Calving season always carries a kind of electricity on our place, the quiet anticipation of new life, early mornings filled with hope, and the reward of long months of care finally coming full circle. We all look forward to it in our own ways. But this year, no one watched the calendar quite like my ten year old son.

More experienced, more aware, and more capable he had big plans to help this season.  And true to his plans, the boy has been out checking, tagging, and sharing updates as often as he can.  School has put a crimp to his calving style but he has plenty of hours after and on the weekend to see the new babies hit the ground. 

Of all the cows to calve, he was most excited for his old bucket calf “Red.”  Since we decided to add her to the herd, he has claimed her as his own.  He always knew where she was, made frequent stops to say hi, and was delighted when she was finally back on the ranch to have her baby.  

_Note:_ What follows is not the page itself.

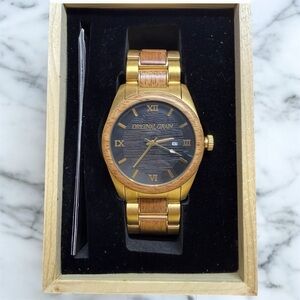 Original Grain Men's Gold Antique Mahogany Steel Classic Watch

It seemed like she would never calve until one day his grandpa pointed out that she was starting.  He not so patiently came home to have supper, get his homework finished and hop in the tub before we would let him check her again.  More than an hour later he reported that she hadn’t made any progress and confidently said that she needed help.

He was right.

Making her way into the maternity pen, we learned that the calf was stuck and couldn’t make its way alone.  Using the calf chains and puller, we gave our best efforts to help pull the calf through but nothing seemed to give.  A little more investigation showed that the calved was somewhat twisted inside and every attempt to pull it out would cause the head to rotate in a way that was impossible to bring through.  

We also learned that the calf had died, devastating news to a little boy that had been looking forward to his birth for months.  

Admitting that we couldn’t get the calf out and knowing how important this little heifer was to our son, my husband called the vet 30 miles down the road and asked for help.  It took some time, problem solving, and several hands but eventually we were able to deliver the calf without having to do a c-section, the best possible outcome for Red.  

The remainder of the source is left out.